Hurricanes, earthquakes, and tornadoes in recent years and months have brought more attention to these types of business risks. While you may have arranged insurance to cover property damaged, have you considered losses incurred from an interruption to your small business operations? Most standard property insurance policies don’t cover income lost from a temporary closure of a small business.

 

When a catastrophe strikes, your location may be temporarily dysfunctional, and your operations may have to be stopped for a period. What’s more, your small business may have a halt in production, causing a pause in your income. However, you may still need to pay your fixed costs, such as property rent, utilities, employee salaries, suppliers, and taxes.

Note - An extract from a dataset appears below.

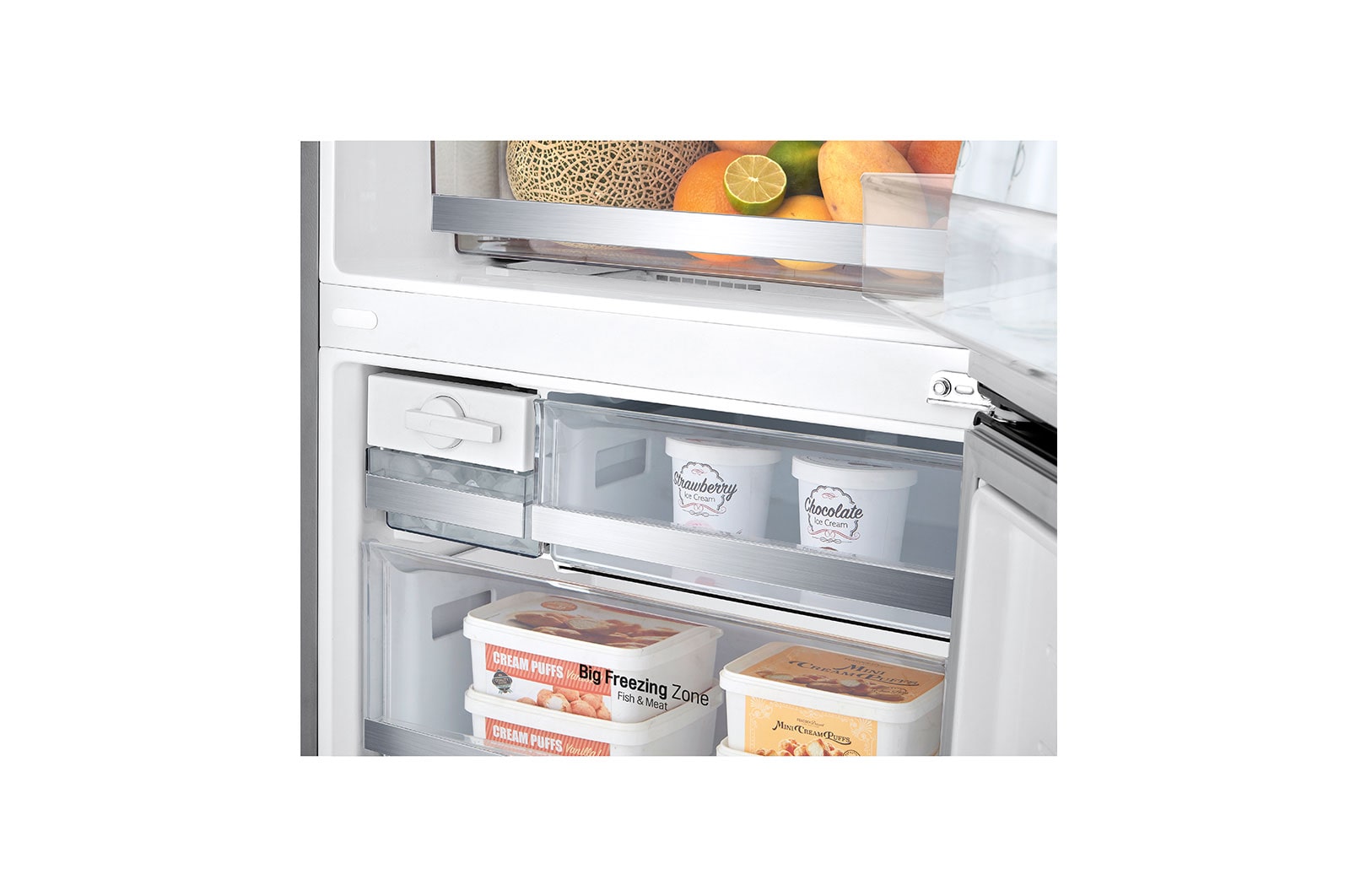LG 28" Counter Depth Bottom Freezer with Door Cooling+ and Flip-up Shelf, 15 cu.ft., LBNC15241V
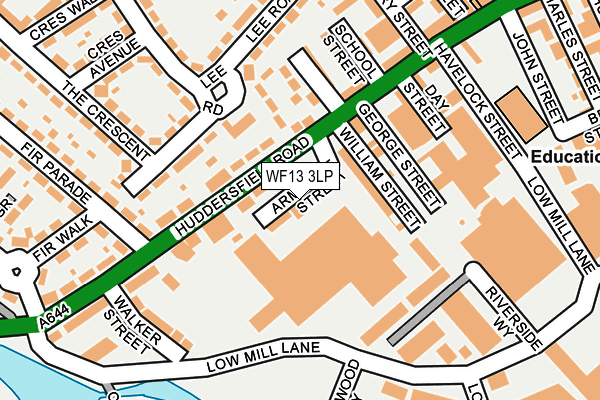 WF13 3LP map - OS OpenMap – Local (Ordnance Survey)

That’s where business interruption insurance comes in.

 

Business Interruption Insurance, also known as business income insurance, covers lost income that your small business would have made while the location is inoperative for production due to an unexpected event, such as a fire, hail damage, wind storm, equipment damage, or vandalism. Even though your business location is deemed unusable, business interruption insurance picks up the tab for costs and expenses incurred by your business during this period. If your small business is temporarily moved to another location to resume operations, business income insurance will cover the costs of the move and operations. Lastly, extra expenses, such as renting equipment to keep the doors of your business open are also covered.

 

Business interruption insurance is easy for the small business owner to overlook, who may think that they are covered from business interruptions through their property insurance. But it bears repeating: property insurance only pays damages for physical loss to the location and its contents — not the loss of income or fixed costs incurred while the location is being rebuilt. Keep in mind, that the cause of the business disruption doesn’t always have to be a major disaster, such as a fire destroying your building; it can be as simple as a lightning strike causing equipment failure and a production shut down.

 

Besides the financial coverage, business income insurance protects a small business in other ways. It allows you to set up shop in another temporary location to keep your business going, which not only helps you maintain your business competitiveness, but enables you to continue providing products and services to your existing and prospective customers.